Einsatz von Lügendetektoren im Strafverfahren

Technik ist aus unserem Leben heutzutage nicht mehr wegzudenken. Nicht nur Smartphones, Smartwatches und Laptops sind unser ständiger Begleiter, sondern auch intelligente System wie Siri oder Alexa sind aus den deutschen Haushalten praktisch nicht mehr wegzudenken.

In der Justiz haben die technischen Entwicklungen an vielen Stellen noch keinen Einzug erhalten.

Beim Lügendetektortest, auch Polygraphentest genannt, werden linker Oberarm, Brustkorb sowie Ring- und Zeigefinger des Befragten an Messfühler angeschlossen. Körperliche Reaktionen, wie Atmung, Hautwiderstand und Blutdruck, werden durch einen Schreiber auf Millimeterpapier gezeichnet. Bei einem Vergleichsfragentest werden die Reaktionen auf Tatfragen auf sogenannte Vergleichsfragen gemessen. Die Vergleichsfragen sind dabei möglichst vage formuliert, haben aber eine ähnliche Vorwurfsrichtung und es ist schwierig vollkommen wahrheitsgemäß zu antworten. Eine besonders deutliche Reaktion auf eine Tatfrage im Vergleich zur Vergleichsfrage soll indizieren, dass die Tatfrage wahrheitswidrig verneint wurde. Umgekehrt soll eine heftige Reaktion auf eine Vergleichsfrage eine wahrheitsgemäße Antwort auf eine Tatfrage indizieren.

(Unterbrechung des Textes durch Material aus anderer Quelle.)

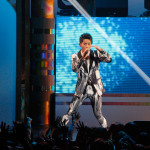 AAAのSKY-HI(日高光啓)がトリで登場しライブパフォーマンス！ガールズブロガースタイル2015 S/S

2. Ablehnende Entscheidung zu Lügendetektoren

Theoretisch würde das Nutzen von Lügendetektoren die Arbeit eines Richters um einiges erleichtern. Vorbei wäre die Zeit, in der Zeugen oder Angeklagte eine Lügengeschichte erzählen könnten. 

Die Zulässigkeit von solchen Maßnahmen ist aber nicht unumstritten. 

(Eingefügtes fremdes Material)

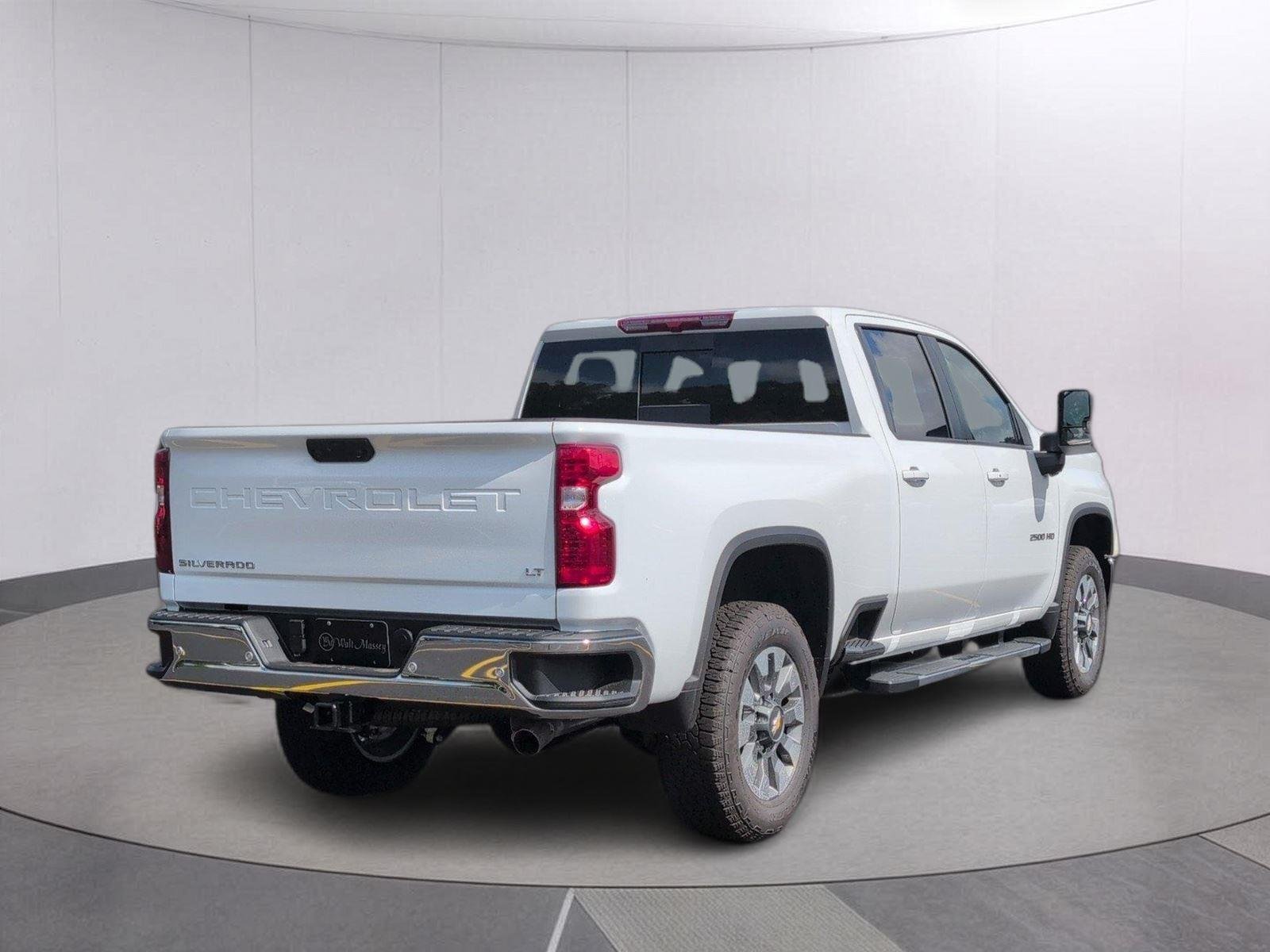 New 2026 Summit White Chevrolet LT image 13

So hat der BGH in einem Urteil von 1954 entschieden, dass die Untersuchung mit einem Lügendetektor die Freiheit der Willensentschließung- und Betätigung des Beschuldigten verletzt und daher im Strafverfahren und den Vorermittlungen ohne Rücksicht auf sein Einverständnis unzulässig ist. 

In diesem konkreten Fall war der Angeklagte beschuldigt worden, bei einer Genossenschaft 5760 DM unterschlagen zu haben und der Polizei zur Verdeckung einen Einbruch in den Kassenschrank der Genossenschaft vorgetäuscht zu haben. Die Antworten des Angeklagten wurden dabei mittels eines Lügendetektors überprüft. 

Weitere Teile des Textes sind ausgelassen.